Context is Invaluable, and Lets you Understand What your Security Event and Alert Information Mean.
In my previous column, I discussed how important it is to add context to data. Context applied to security information gives you contextual security. But context is only one step in maximizing the value of your security information. To get the biggest bang for the buck you need to be correlating your data. Adding context to data gives you information. Correlation adds even more information by evaluating relationships between pieces of information.
What does that mean?
Let’s use a non-security example. I dump a 3000-piece puzzle on the table. I tell you nothing about the puzzle, but you have to put it together. You can look at a piece, and add context to that piece. Is it a corner piece, a side piece, or a middle piece? Does the piece have a prong or a divet (okay, so I don’t know the formal “puzzle terms” for something that sticks out of a puzzle piece or a piece that has a shape into which another piece plugs, so go with it). You can look at the picture on the piece. Is that something red and round? Is that something shiny? All of these observations add context to the pieces, as well as the puzzle as a whole. You might group pieces that have red on them, as well as those pieces that are shiny to see if you can find anything in common or see a pattern. You then start by assembling the frame of the puzzle by looking at the sides and corners.

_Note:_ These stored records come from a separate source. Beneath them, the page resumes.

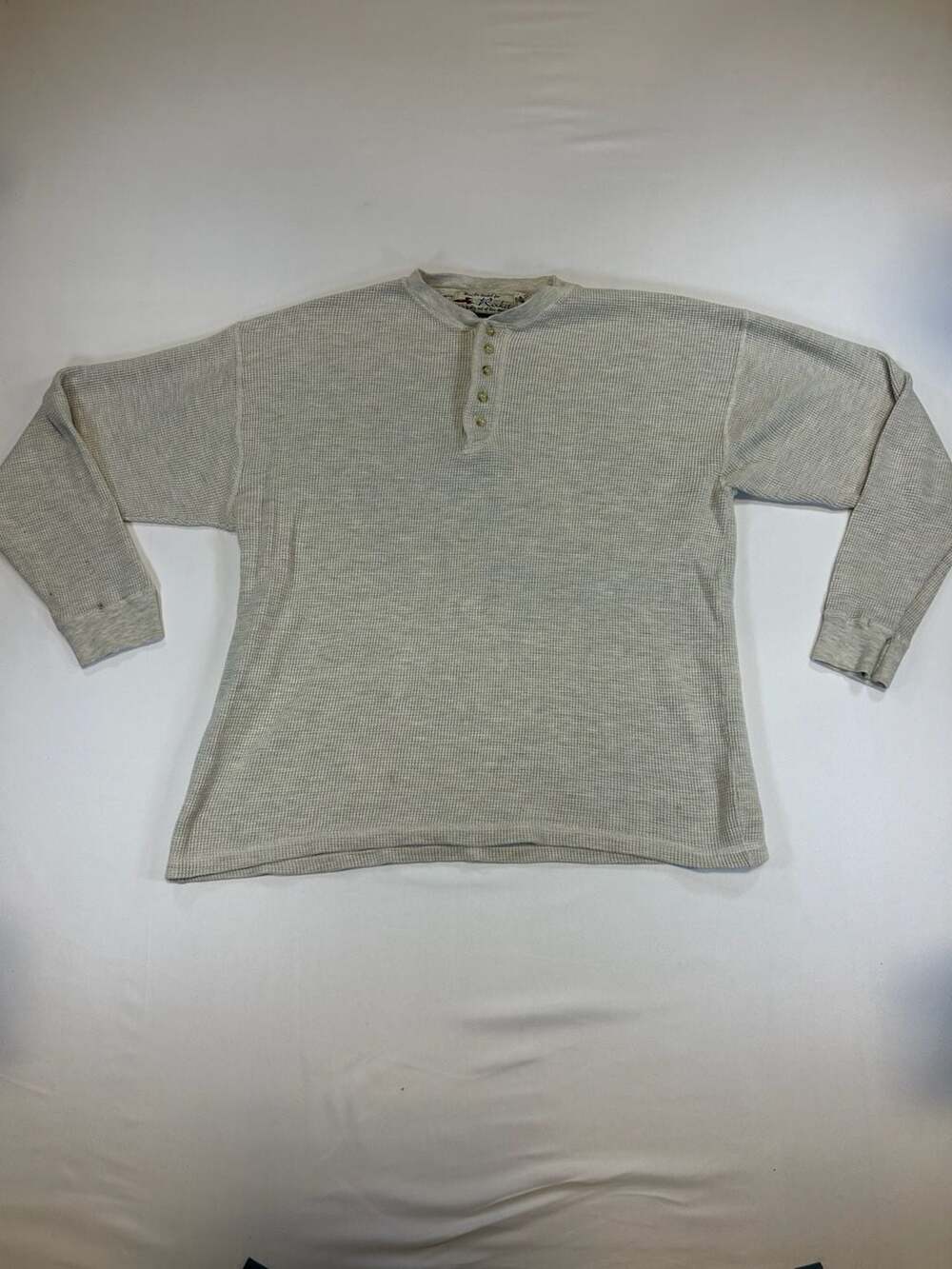 Vintage Rocket Waffle Knit Henley Shirt Size XL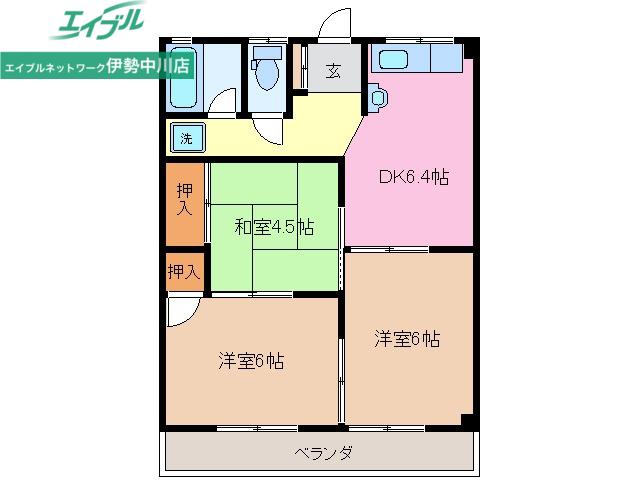 三井ハイツ(3DK/2階)の間取り写真
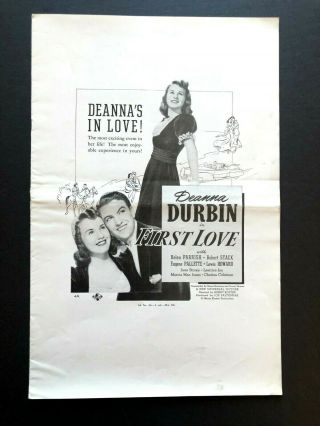 First Love Movie Pressbook (1939) - 8 Pages 11.  5 " X 17.  5 " Ex,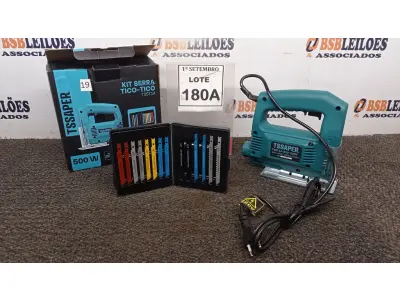 LOTE 180 - 01 KIT SERRA TICO-TICO 220V 500W + MALETA COM 14 SERRAS PARA MEDEIRA E METAL. (NO ESTADO) ATENÇÃO! FAZER A VISITAÇÃO ANTES DE ARREMATAR, NÃO SABEMOS SE FUNCIONA, LEILÃO NÃO TEM GARANTIA E NEM DEVOLUÇÃO, SUJEITO A POSSÍVEIS AVARIAS VISÍVEIS/OCULTAS E/OU AUSÊNCIA DE COMPONENTES.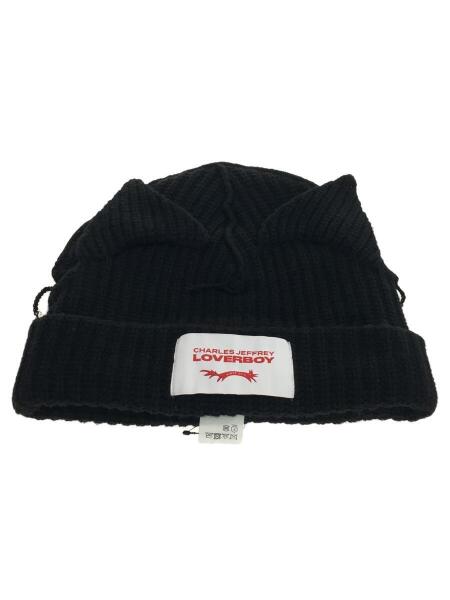 LOVERBOY 猫耳 ニット帽 央 』 Loverboy 猫耳ニット帽 黒 LOVERBOY 猫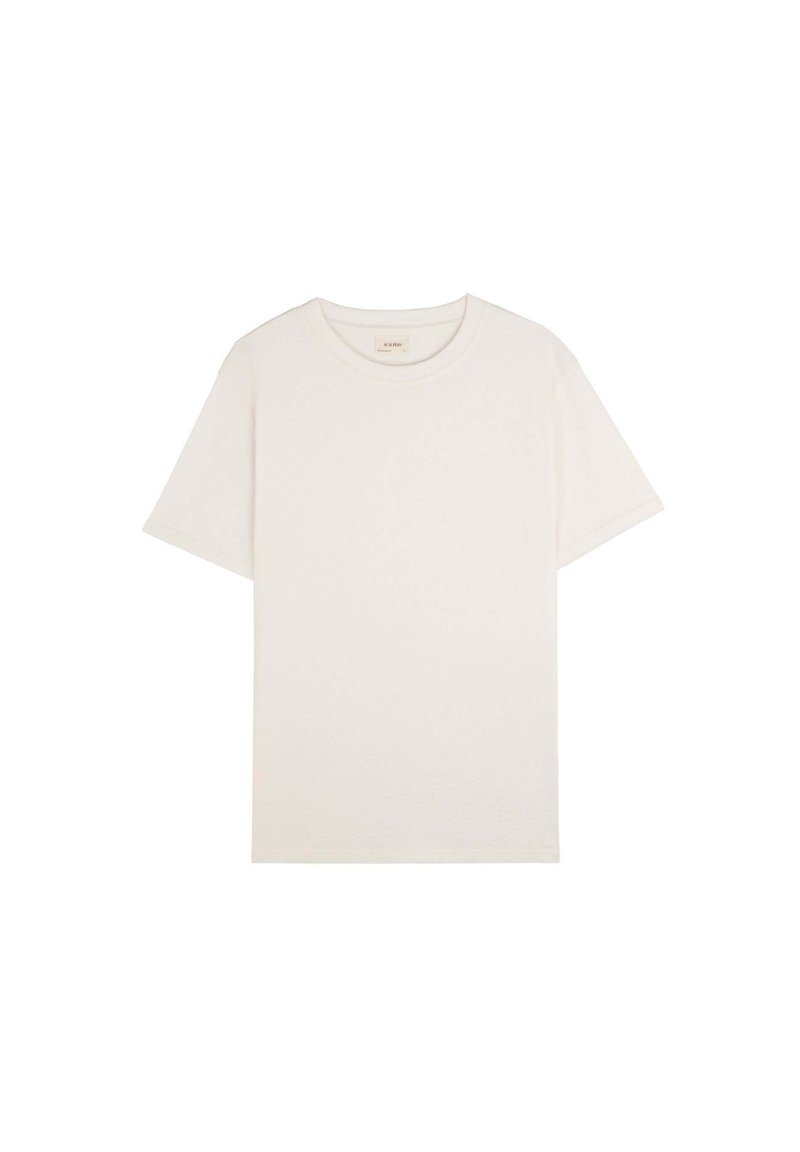 Witte katoenen t-shirt met een ronde halslijn en korte mouwen, met een relaxte fit en een soepele textuur, zonder zichtbare patronen of accenten.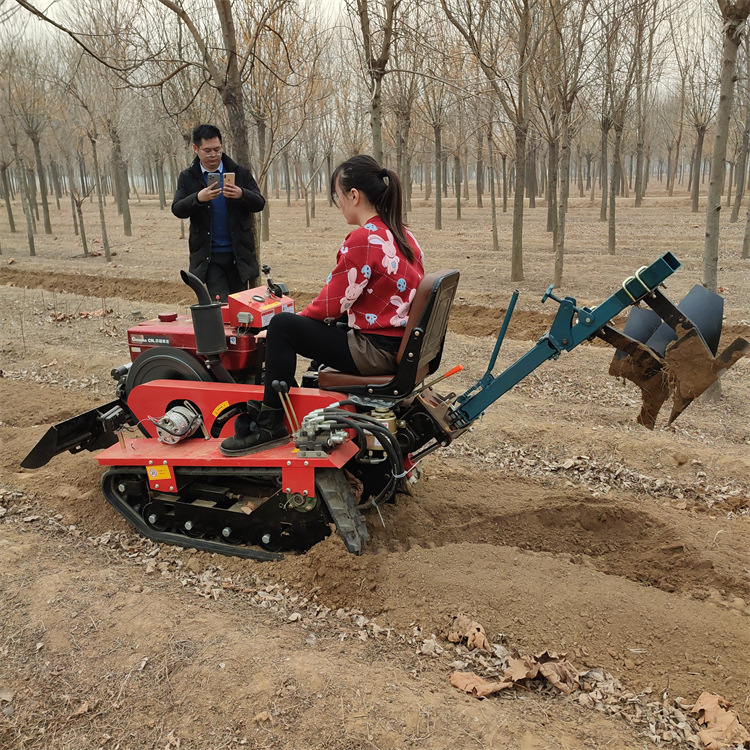 链轨式微耕机 小型自走式开沟培土机 多功能履带式旋耕打田播种机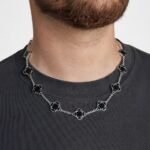 שרשרת תלתני מנס שחור כסף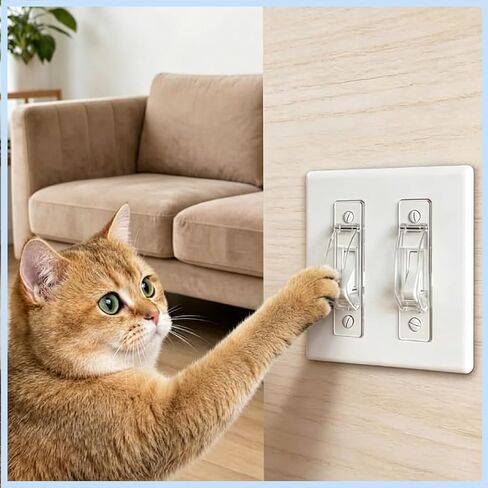 2 Pack Clear Light Switch Guard, Child Proof Light Switch Cover Lock, Prevent Accidental ON/Off Toggle Switch Protector, Includes Screws in Kuwait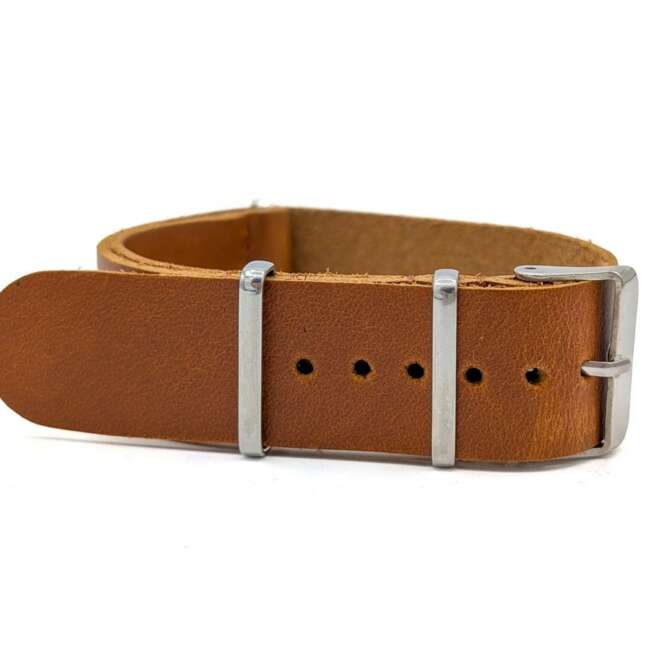 Bracelet NATO Militaire en cuir marron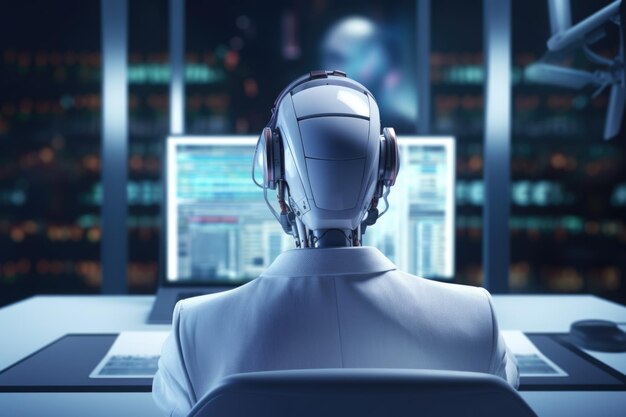 Anthropomorphic white robot programmer sits behind a monitor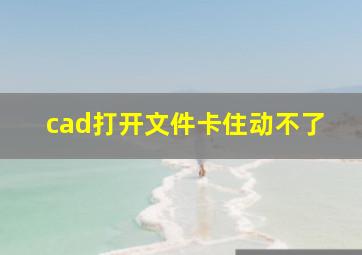 cad打开文件卡住动不了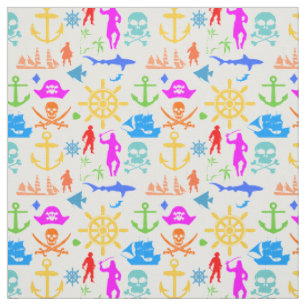Tissu Navires, Poissons, Pirates. Motif nautique coloré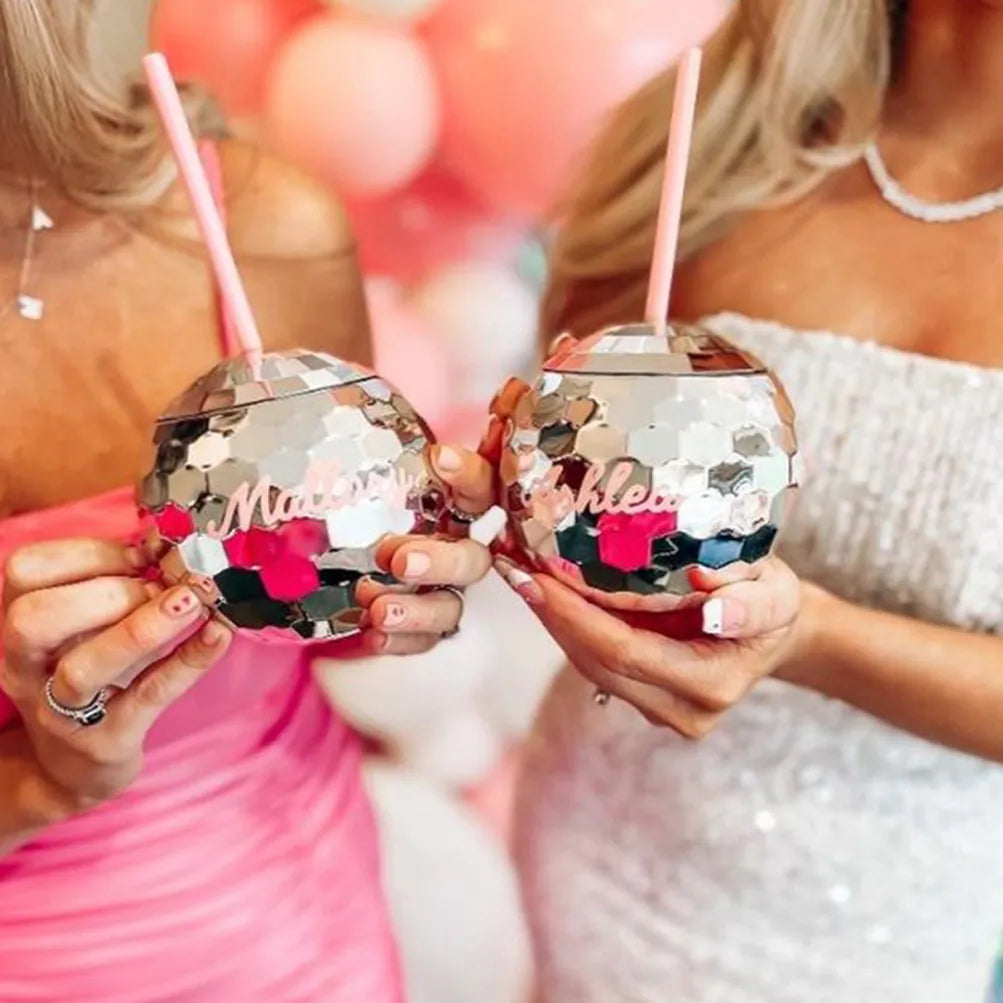 Disco Ball Cups with straws Wedding Bridal Shower Bachelorette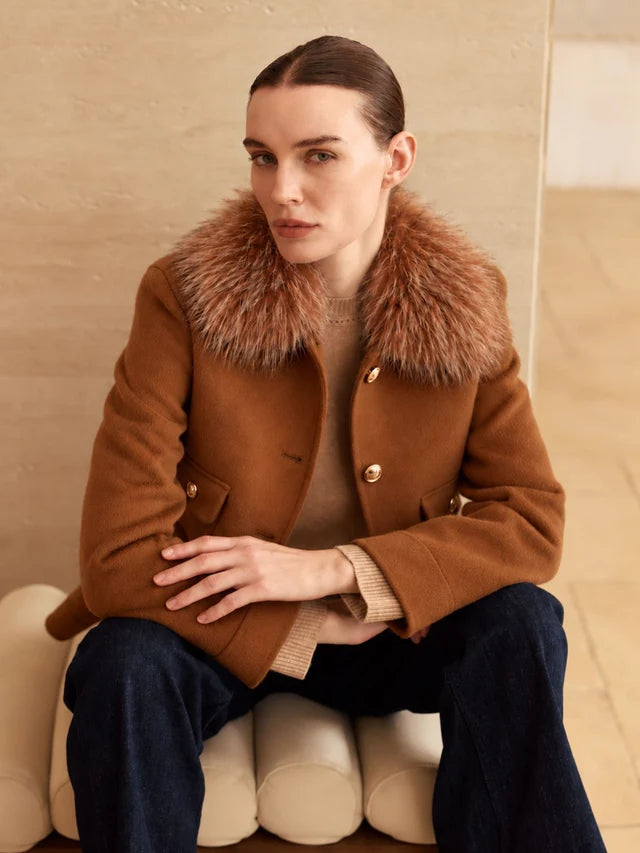 Cashmere Bomber Jacket Detachable Fur Collar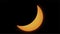 Time lapse of partial solar eclipse close up. The moon mostly covers the visible sun. Natural phenomenon of near full orange sun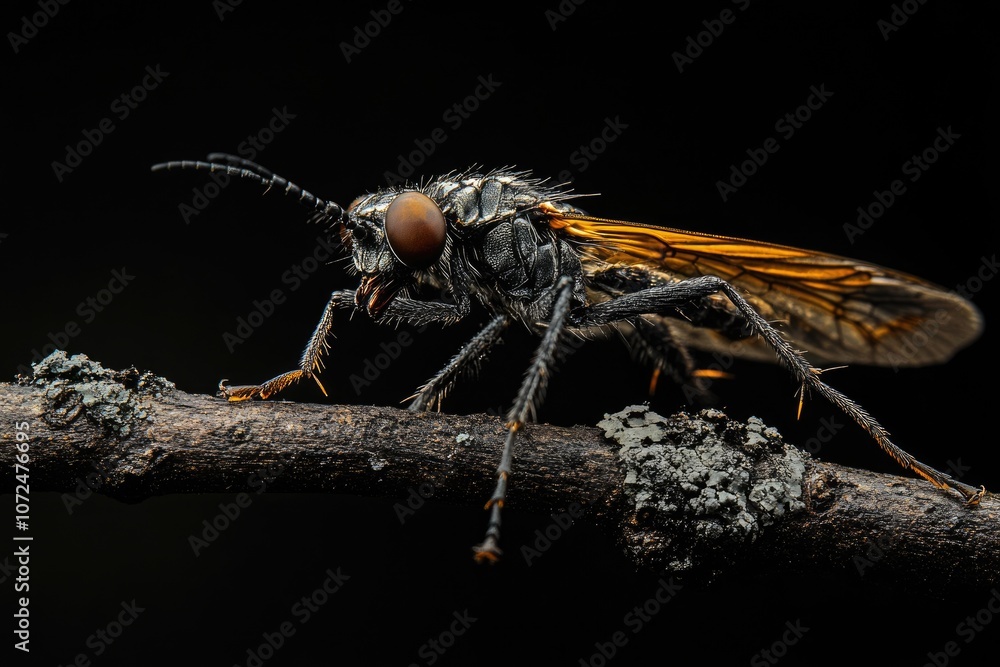 Fototapeta premium Macro Predator: Close-Up of Hairy Robberfly Perched on Tree Branch in Nature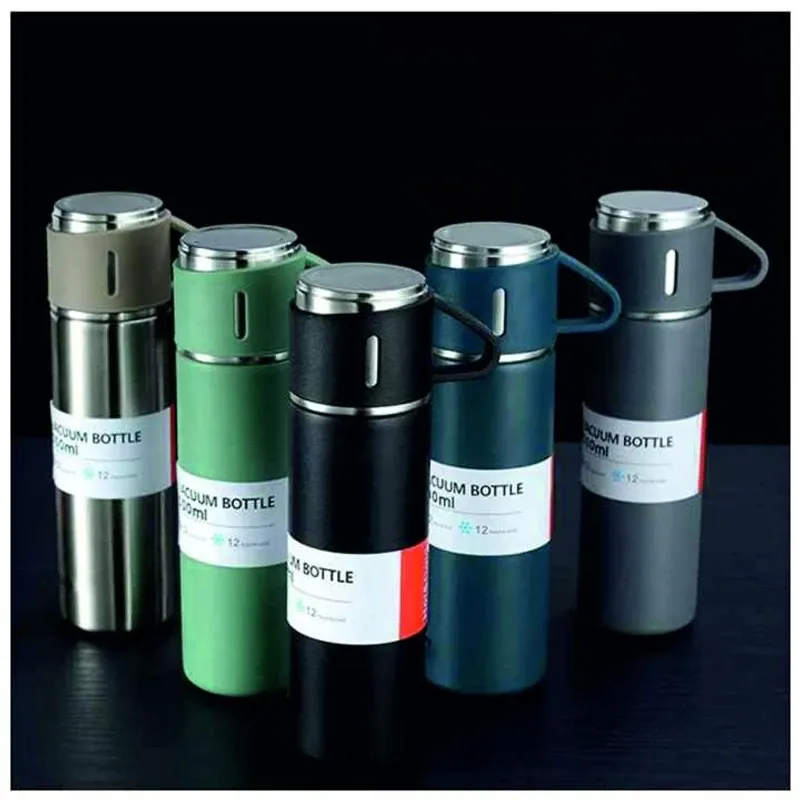 Vacuum Flask Set – ৩ কাপসহ স্টেইনলেস স্টিল ফ্লাস্ক সেট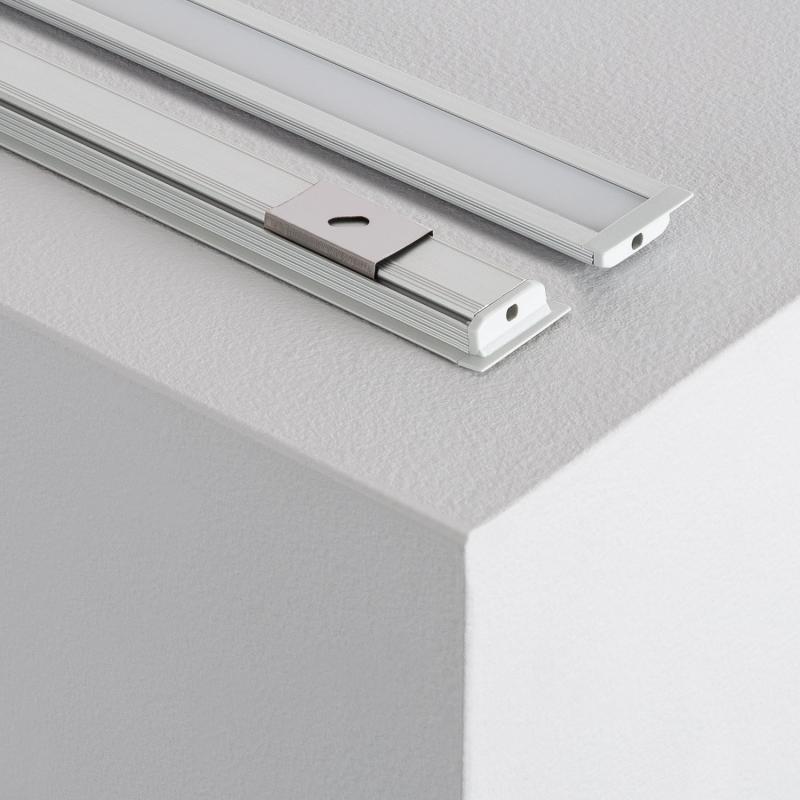 Profilé Aluminium Encastré 1m pour Rubans LED 10mm, Installation Intérieure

But now you are correlating. When you look at how the pieces fit together, you are looking at the relationship between those pieces. That is correlation. Next, you look at the red pieces, and see how they fit together. After you assemble three or four pieces, you recognize that the red is a clown nose. Correlation gives you even more data. Then you assemble some shiny pieces and realize it is a shiny hubcap on a wheel. Correlation. And better yet, you can correlate those larger pieces of information together and realize that the puzzle probably includes a clown car. The correlation you have done helps you to recognize the giant daisy that squirts water, and the huge green shoe sticking out of the trunk. You can then look for other pieces that support or deny your initial thoughts. You utilize your correlated information to assemble multiple clowns, and the car. Contextual information enabled you start building, but it was correlation that actually let you make progress on the puzzle. It will be correlation that lets you finish.
Of course, the same rules apply with information security. The context is invaluable, and lets you understand what your event and alert information means. But, the correlation of those events into a bigger picture of what is happening in your environment is even more important.
Back to Joe’s
Joe’s Hat, Boot, and Shoe Company has a pretty normal manufacturing environment. They understand where their cool data is. They have an IDS and monitoring system that helps them see ongoing security alerts, and have a dedicated management system to monitor the performance of their assembly lines. They even have some context when an IT engineer knows that 220.127.116.11 is their central order database, which is some of their most important data. But they really have no capacity to do meaningful correlation. If they do any correlation it is only because the IT engineer just knows that a series of systems are related, so recognizes when they all have alerts – but this is probably more luck than common practice.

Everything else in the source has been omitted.